I gave all that I had to cover the mileage that day. Nervously, I mulled over how I should break this to Laurel. I knew without any doubt whatsoever that I could not repeat today. I knew that I would not be able to finish such a distance tomorrow -- it would lead only to me running out of energy, in the middle of nowhere. A dangerous game. We went to find a motel room in town. One of the motels was, to our great surprise, completely full! We circled back to the other, and actually got the very last room available. Someone called just as Laurel got the room, asking if there were vacancies. So we did have some luck playing in our favor, at the very least. Indeed, for all the challenges, we must have some fortunate following us and protecting us when most important, though not always when most wanted. Such is the way of things, and I need to remind myself of that good favor. We had a room for the night, at the Branding Iron Motel in Faith SD, the only town for at least 45 miles. We had covered 83 miles.

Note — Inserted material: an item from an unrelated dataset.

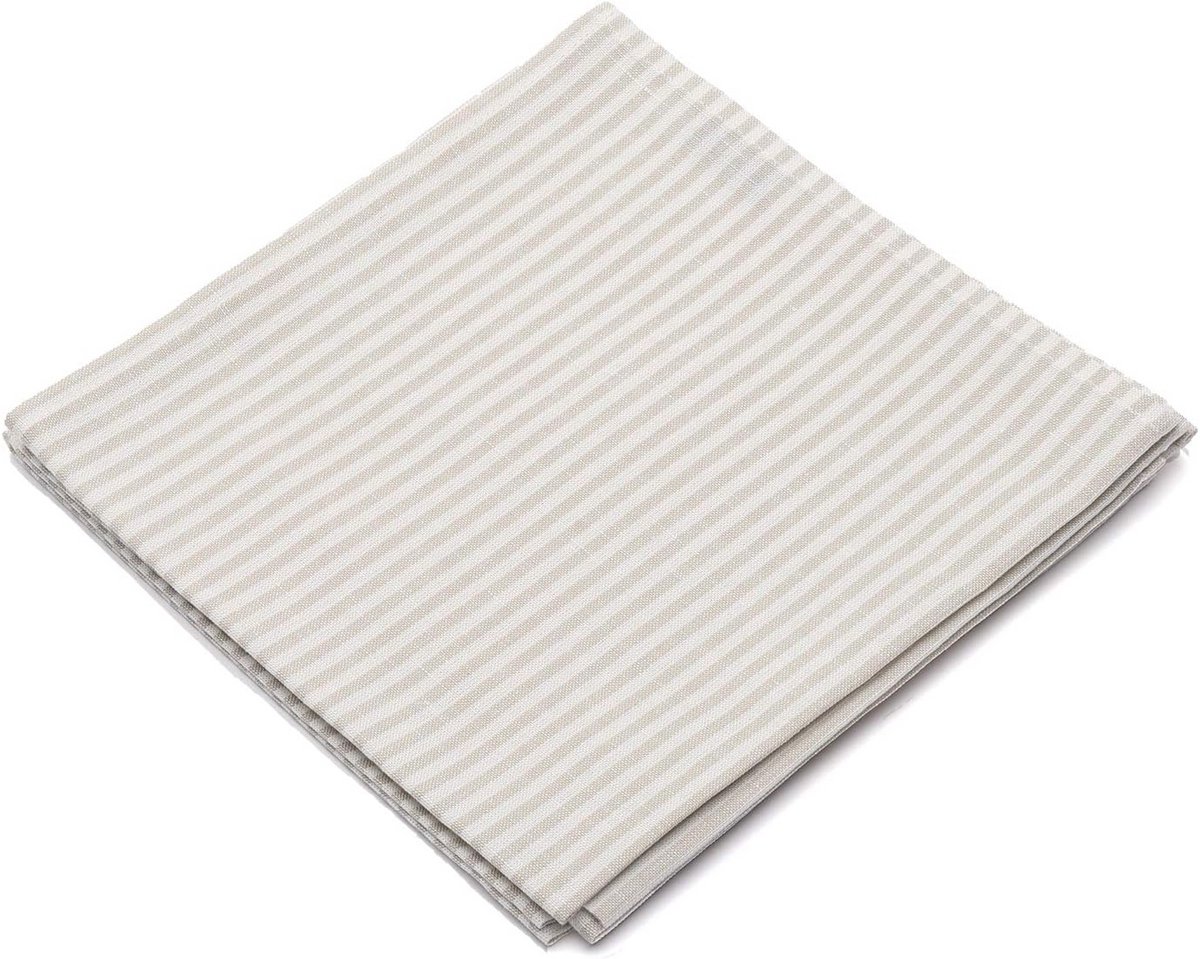 Set van 4 Linnen Katoen Servetten Beige Gestreept 46x46 cm - Gemaakt in de EU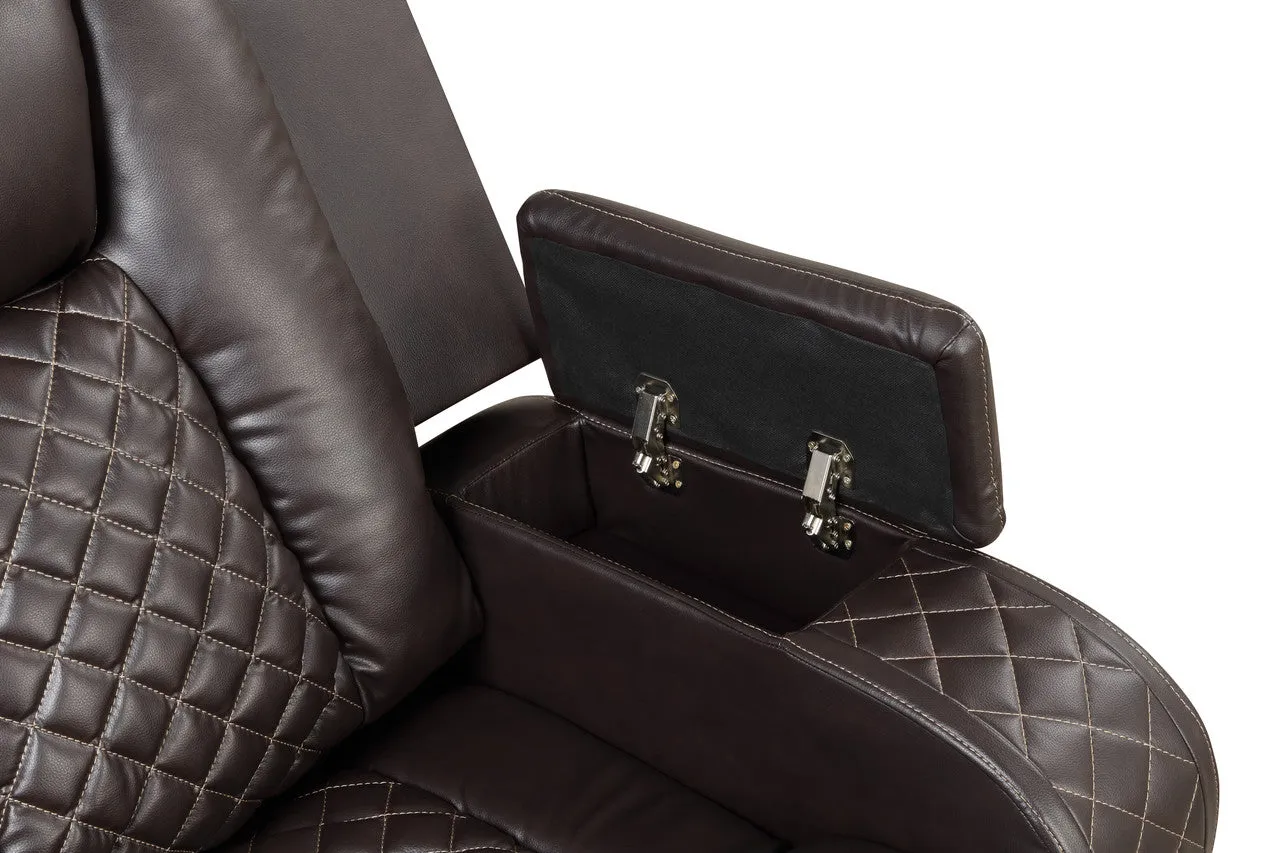Benz LED & Power Reclining Brown Loveseat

I avoided saying anything about tomorrow all through dinner, and I did not work up the courage until near our bedtime. I had mostly curled up on top of the bed, feeling so nervous. Then, I finally admitted that I did not think I could ride tomorrow. I know Laurel is very strong and can seemingly go on forever, even though the going is tough. But I hoped that she would be able to recognize some of my reasoning and luckily she assented.
But hey! Faith is a nice little town, and who would have guessed it is also the self proclaimed T-Rex capital of the world. The most complete fossil of a T-Rex, called Sue, was found about 15 miles from here. So there is a little museum, and I know I for one will enjoy a day off the bike. A chance to refresh and make our push to the border. We have about 500 miles to go, so wish us luck!